Royal Children – Curbing the Paparazzi
The latest communication from Kensington Palace represents a heartfelt plea on behalf of the Duke and Duchess of Cambridge to respect the privacy of Prince George and Princess Charlotte.
In an open letter to the media released today, Communication Secretary Jason Knauf relates the extreme lengths to which one paparazzi photographer went to obtain images of the Royal Prince. In a description more reminiscent of a spy thriller, he relates how the photographer “… rented a car and parked in a discreet location outside a children’s play area. Already concealed by darkened windows, he took the added step of hanging sheets inside the vehicle and created a hide stocked with food and drinks to get him through a full day of surveillance, waiting in hope to capture images of Prince George.
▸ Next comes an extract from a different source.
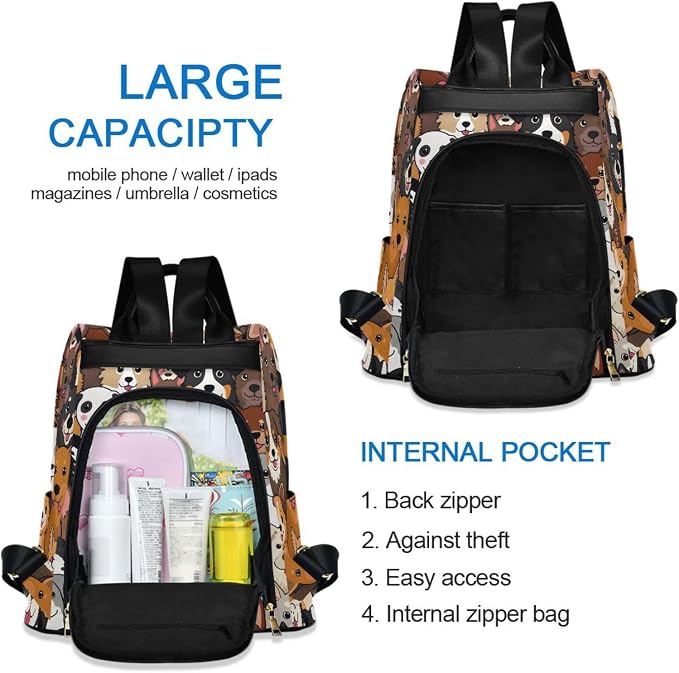 ALAZA Cute Dog Prints Puppy Animal Backpack Purse for Women Anti Theft Fashion Back Pack Shoulder Bag - Image 5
Police discovered him lying down in the boot of the vehicle attempting to shoot photos with a long lens through a small gap in his hide.”
Knauf goes on to write that “It is of course upsetting that such tactics … are being deployed to profit from the image of a two-year old boy” and observes that “…every parent would object to anyone – particularly strangers – taking photos of their children without their permission. Every parent would understand their deep unease at only learning they had been followed and watched days later when photographs emerged.”
In concluding, Knauf requests “We hope a public discussion of these issues will help all publishers of unauthorised photos of children to understand the power they hold to starve this disturbing activity of funding. I would welcome constructive conversations with any publisher or editor on these topics. And I would ask for your help as we work to encourage the highest standards on the protection of children in every corner of the media.”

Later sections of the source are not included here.